Bereits am 2. Januar 1958 hatte die Partei ein Gesetz veröffentlicht, nach dem bei Musikveranstaltungen 60 Prozent der Komponisten ihren Wohnsitz in sozialistischen Ländern haben mußten, während 40 Prozent der Titel von den dekadenten, neofaschistischen und revanchistischen Bonner Ultras stammen durften. Verstöße sollten mit Strafen von 500 Mark oder komplettem Berufsverbot geahndet werden.

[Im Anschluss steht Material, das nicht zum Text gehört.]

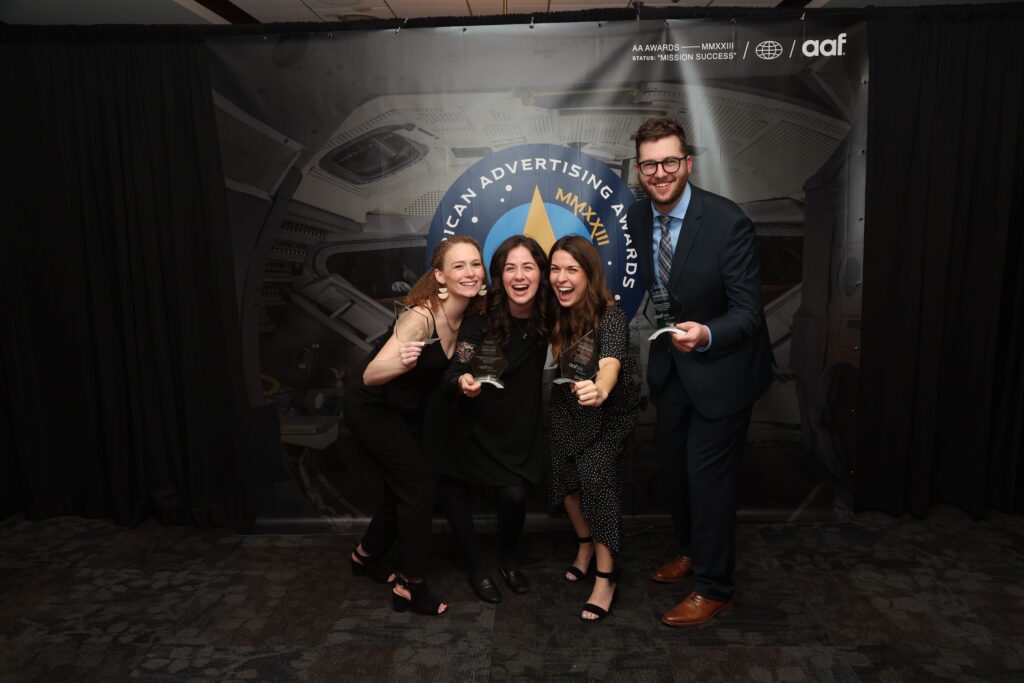 IMG_7941 TwoTone Creative team celebrating advertising awards and client success.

Die Nationale Front kämpfte vergeblich. Wir sahen in den 70ern aus wie Fritz Teufel, ergaben uns dem Alkohol, rauchten, machten jeden Tag was verbotenes und an das 40:60-Gesetz hielt sich kein Mensch.

Irgendwann gab die Partei den Widerstand gegen die Dekadenz auf und arrangierte sich auf verklemmte Art und Weise mit der Neuen Zeit. Heraus kam dieser politisch korrekte Stuß:

Die Nationale Front wird auch den Kampf gegen L’AMOUR TOUJOURS nicht gewinnen. Ich empfehle den gekündigten Schwerenötern gegen ihre Entlassung zu klagen, da werden schöne Abfindungen rauskommen, die man in Kohle-, Tabak- und Ölaktien investieren kann.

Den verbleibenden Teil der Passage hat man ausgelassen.